Other assistance may come from his fellow doctors. Van Komen said his efforts attracted a lot of attention at an American Medical Association meeting on alcohol policy in Chicago last month.
A New Mexico consortium of several dozen public and private organizations concerned about alcohol issues is expected to vote next month on boycotting the 2002 Winter Games because of the beer sponsorship.
Van Komen said he knows not everyone welcomes his efforts. "I know SLOC would like to see me go away," he said. And an Anheuser-Busch representative suggested it'll be some time before the company's ready to meet with him.

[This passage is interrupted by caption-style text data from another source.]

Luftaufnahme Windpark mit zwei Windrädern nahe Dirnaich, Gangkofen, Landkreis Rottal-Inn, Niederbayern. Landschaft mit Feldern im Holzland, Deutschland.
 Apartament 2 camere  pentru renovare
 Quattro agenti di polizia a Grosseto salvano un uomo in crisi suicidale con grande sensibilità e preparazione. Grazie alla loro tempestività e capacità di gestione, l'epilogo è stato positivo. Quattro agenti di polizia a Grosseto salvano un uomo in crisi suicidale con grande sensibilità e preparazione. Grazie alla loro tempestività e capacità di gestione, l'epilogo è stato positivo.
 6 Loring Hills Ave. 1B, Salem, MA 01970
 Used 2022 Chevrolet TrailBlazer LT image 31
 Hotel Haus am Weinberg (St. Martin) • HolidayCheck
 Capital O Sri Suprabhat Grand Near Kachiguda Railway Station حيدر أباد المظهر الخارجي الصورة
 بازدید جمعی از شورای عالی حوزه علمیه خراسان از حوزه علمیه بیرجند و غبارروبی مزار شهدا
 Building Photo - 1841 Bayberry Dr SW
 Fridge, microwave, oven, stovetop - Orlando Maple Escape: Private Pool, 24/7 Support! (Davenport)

The head of the joint marketing venture that sold the Anheuser-Busch sponsorship, U.S. Olympic Committee Deputy Secretary General John Krimsky, said the company is "going to be extremely sensitive to customs in Utah."
Utahns can expect to see signs of the Anheuser-Busch sponsorship within the next year or so, Krimsky said, even if Van Komen succeeds in making it a national issue.
"They have every right to do so," he said. "Obviously, Anheuser-Busch and the Olympics will continue to march. We will stay very much within the law and customs of Utah."
Besides limiting the company's advertising during the Games, Van Komen also wants to ban commercials for Budweiser featuring singing frogs and other cartoon-like characters he says are aimed at children.
He also wants to make sure there are no "beer tents" set up in Salt Lake City at the Olympics. In Atlanta, Budweiser was sold underneath a huge red tent in the city's Centennial Olympic Park downtown.
And Van Komen doesn't want the state's already tough liquor laws loosened for the Olympics. Some have suggested, for example, that private clubs be allowed to serve Games visitors without requiring them to become members.